Economics in the News – Dec. 1-7, 2025
Economics impacts our lives every day. Below are some of the top storylines from this past week related to economics.
o It was announced that Michael and Susan Dell will donate $6.25 billion to build on the initiative of “Trump Accounts” created as part of the One Big Beautiful Bill Act. Under the initiative, each child born between 2025 and 2028 will receive a $1,000 account, while the Dells want to expand the effort to fund accounts for children aged 10 and under.
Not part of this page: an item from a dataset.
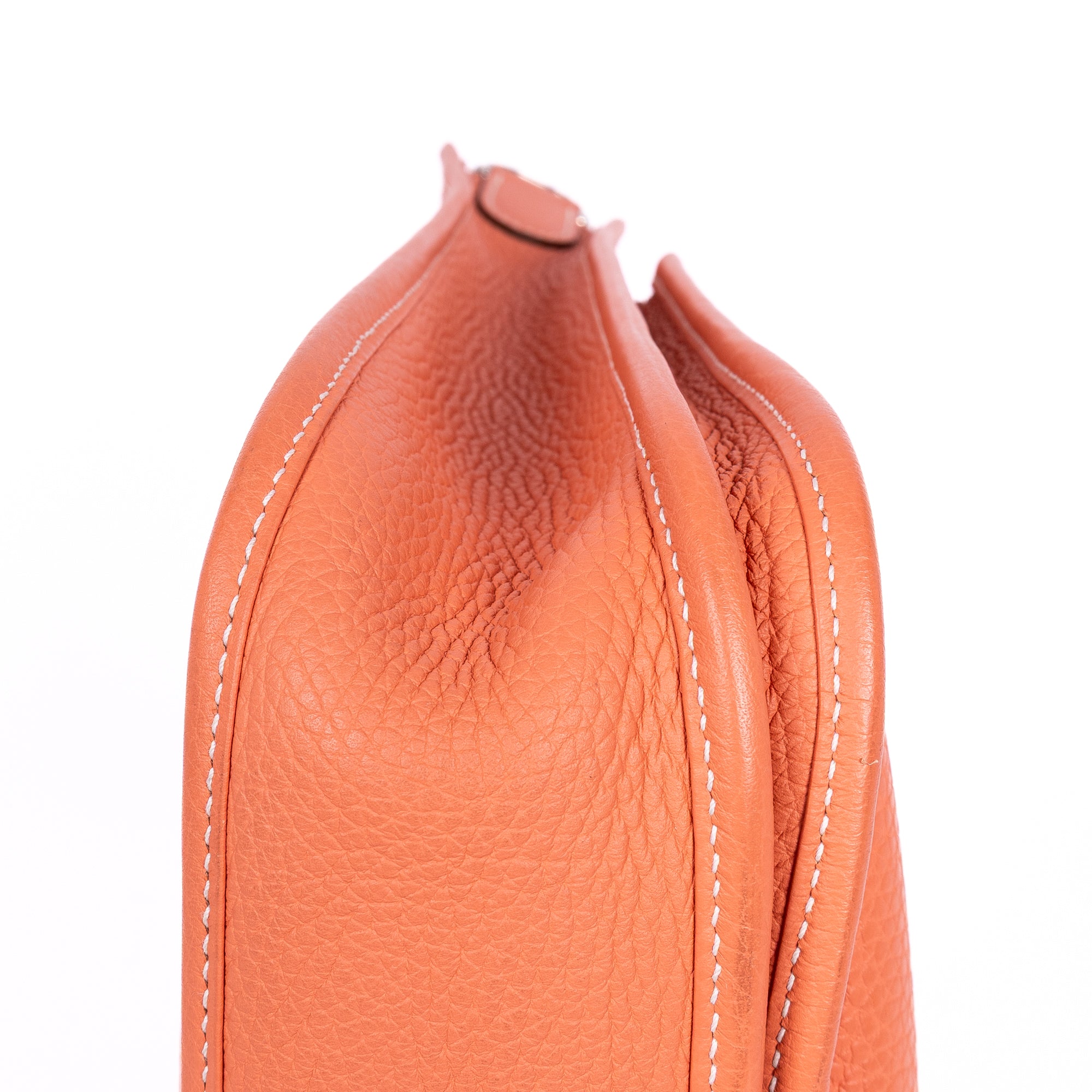 Evelyne III PM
The “Trump Accounts” accounts add to parents’ efforts to save for their child’s future, and effectively provide them with free cash that’s automatically seeded by the US Treasury. They will be invested in low-cost index funds and be locked up until the child turns 18 years old. However, financial advisors encourage parents to take the accounts, they also caution that parents shouldn’t be too quick to ditch more established plans such as 529 plans, custodial brokerage accounts and Roth IRA accounts. One reason is that “Trump accounts” can only be invested in US equity index funds, while traditional accounts have more flexibility in terms of investment options. In addition to maximum contributions being much lower for the “Trump Accounts,” there can also be downsides from a tax standpoint. [Bloomberg]
o Online sports betting has gained popularity after many states have legalized it over the last several years. But, as states want to further increase tax revenue, they are finding that full online casinos – slot machines, poker and blackjack – are a better bet. Only seven states have legalized online casinos, while 30 states have legalized online sports gambling.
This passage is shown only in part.